A 645-kg elevator starts from rest. It moves upward for t = 3.13 s with a constant acceleration until it reaches its constant cruising speed of v = 1.26 m/s. It moved 2.75m during that time.
a) What is the average power (W)is delivered by the motor during the initial acceleration of the eleator during the first 3.13s?
b) How much power by the elevator motor while the elevator moves upward now at cruising speed?
Fe = mg = 645 kg * 9.8 N/kg = 6321 N. =
Force of elevator.
a. P = F * d/t = 6321 * 2.75 = 17382.75J
That is the increase in potential, now we must add the increase in kinetic energy, which is:
Ws = 1/2 m(Vf)^2 - 1/2 m(Vi)^2
Ws = 1/2 645kg(1.26m/s)^2 - 0
Ws = 512.001J
adding the two together we get:
512.001J + 17382.75J = 17894.751J
17894.751/3.13 = 5717.173 J/s. = 5717 W.
b. P = F*V = 6321 * 1.26 = 7965 J/s. =
7965 W.
To find the average power delivered by the motor during the initial acceleration of the elevator and the power while the elevator moves upward at cruising speed, we need to use the following formulas:
a) Average power (P) = Work done (W) / Time taken (Δt)

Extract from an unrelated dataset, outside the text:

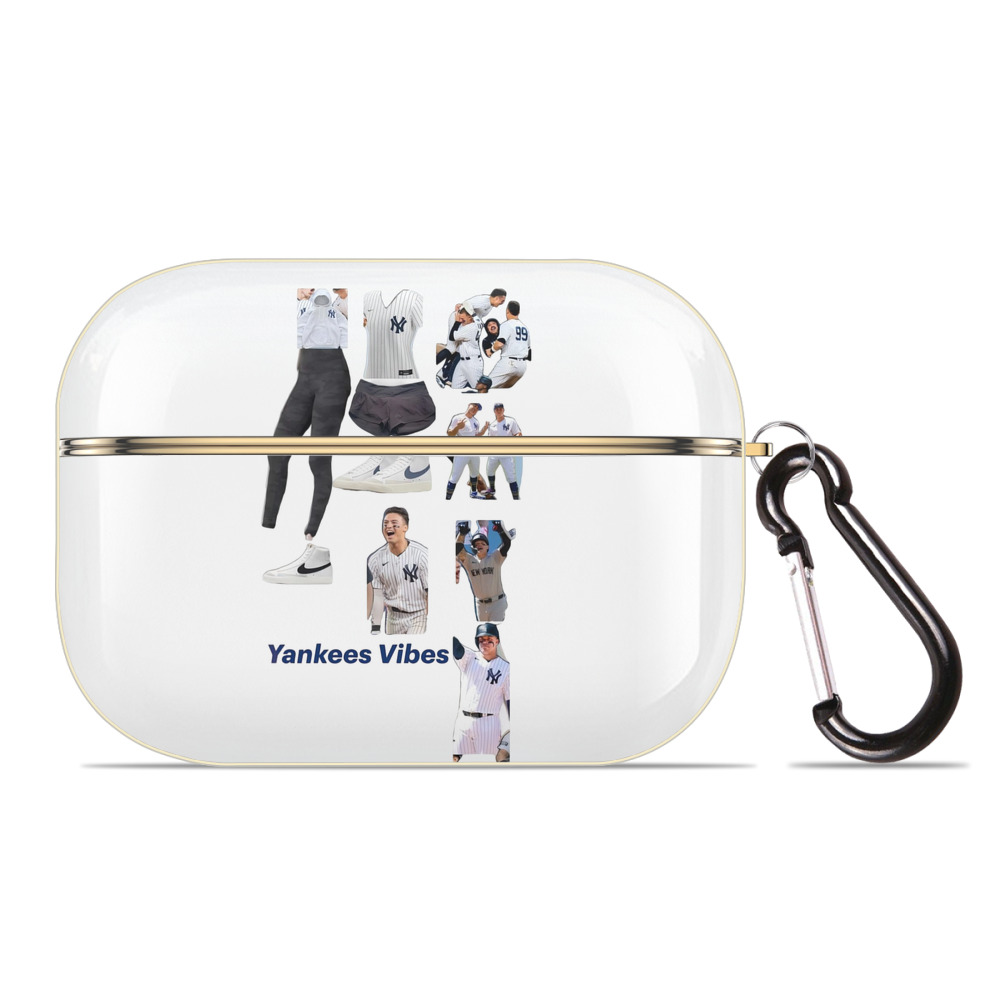 New York Yankees 282 Luxury Gold AirPods Pro Case With Keychain, Flexible PC Material, Full Protection, Precise Cutouts, Anti-Fingerprint, Washable, Durable Design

b) Power (P) = Force (F) × Velocity (v)
a) To find the average power during the initial acceleration of the elevator, we need to calculate the work done during that time period. The formula for work is:
Work (W) = Force (F) × Distance (d)
First, let's find the force (F). We can use Newton's second law of motion:
F = mass (m) × acceleration (a)
Given:
Mass (m) = 645 kg (mass of the elevator)
Time (Δt) = 3.13 s (time during the initial acceleration)
Distance (d) = 2.75 m (distance moved during the initial acceleration)
Velocity (v) = 1.26 m/s (constant cruising speed)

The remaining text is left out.